Current and former African leaders, prominent international figures such as former UK prime minister Gordon Brown, and organizations such as the International Monetary Fund have called for greater international cooperation to support Africa. But if the virtual G20 meeting in March is any indication, governments’ current appetite for such efforts appears limited.

Nonetheless, international action is essential and must be guided by several critical principles. First, any support needs to focus on emergency health measures to help African countries to control the pandemic. Second, international cooperation must include development assistance to help countries manage economic crisis and humanitarian needs. It should also include support for foreign-exchange liquidity in order to limit insolvency and protect essential economic activities. And an economic-stimulus package, including a large new issue of IMF Special Drawing Rights and favorable terms for developing countries, is essential to a faster recovery.

Third, debt relief is indispensable. With their exports hard hit, African countries will not be able to afford the $50 billion of debt payments that fall due this year. IMF and World Bank shareholders therefore should take the lead in waiving debt service for the coming years, not just for 2020.

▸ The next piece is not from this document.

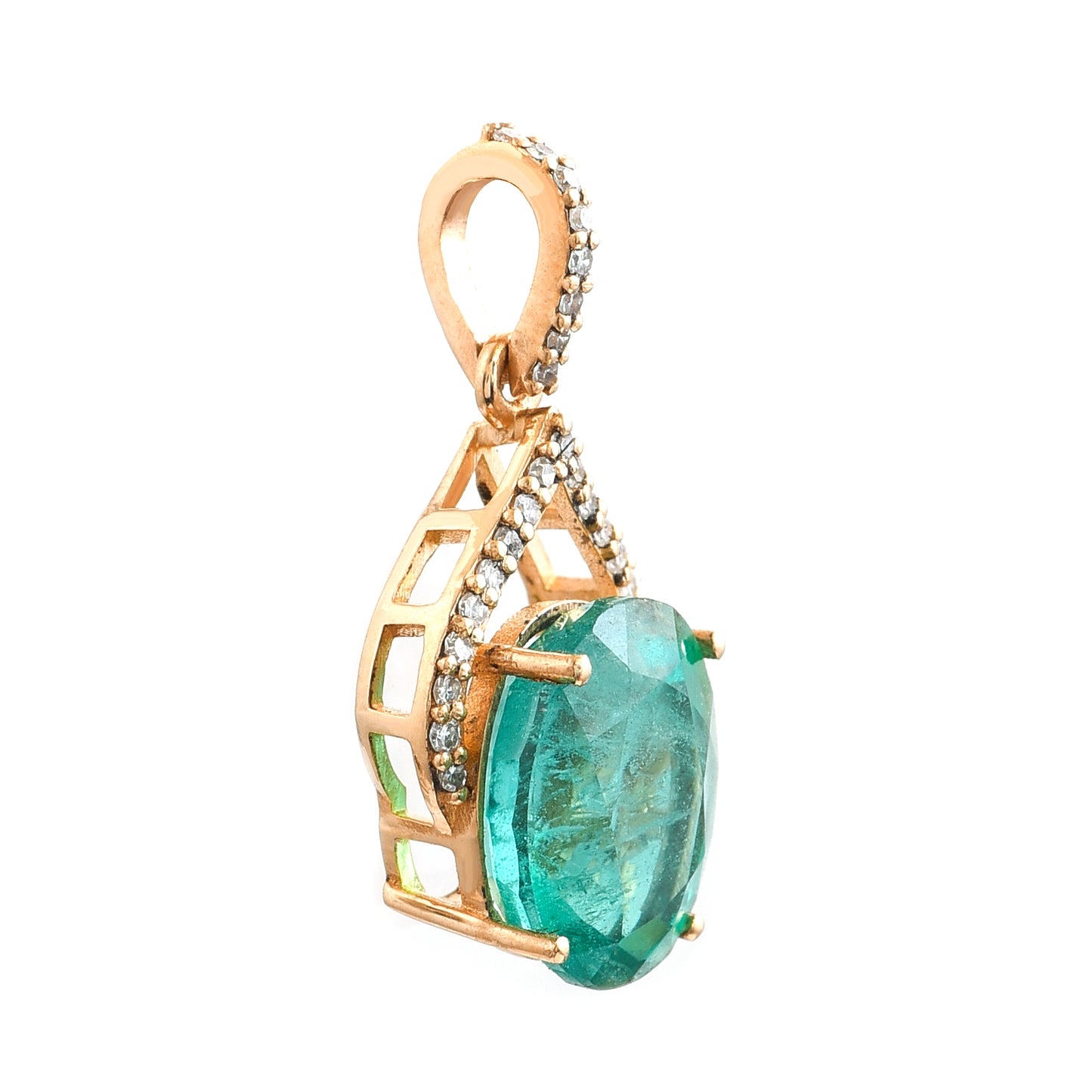 2.73 Ct Oval Emerald 14K Gold Pendant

Debt relief and new funding should be most generous for those African countries (typically non-resource-rich and less politically strategic) that are least able to borrow in commercial markets and least able to spend on building health-care systems. And while accountability is important, it would be wholly inappropriate to make such assistance conditional on specific market reforms.

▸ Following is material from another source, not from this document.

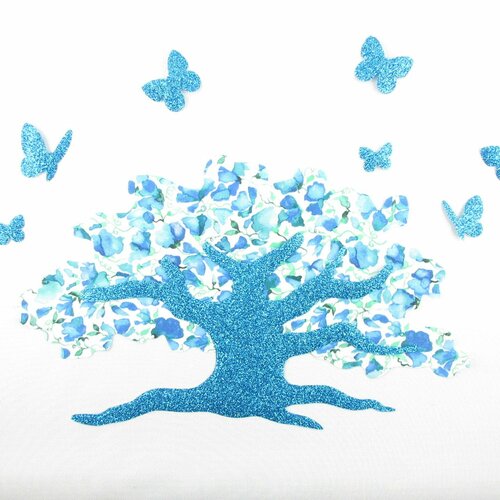 Appliqués thermocollants liberty arbre à papillons en tissu victoria virginia bleu + flex pailleté motifs thermocollants patchs à repasser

Above all, the response to Africa’s COVID-19 plight must be rapid and at scale. In a world where progressive global leadership is in short supply, and where rules-based global governance is under threat, this is a chance for African and international policymakers to take decisive action.

South African President Cyril Ramaphosa is showing the way in this regard, and not merely by acting swiftly at home. In his role as the African Union’s Chair, he has appointed four of the continent’s most respected leaders – Ngozi Okonjo-Iweala, Donald Kaberuka, Tidjane Thiam, and Trevor Manuel – as special envoys to negotiate debt relief. If the crisis in Africa is to be halted, similar dynamism will be needed elsewhere.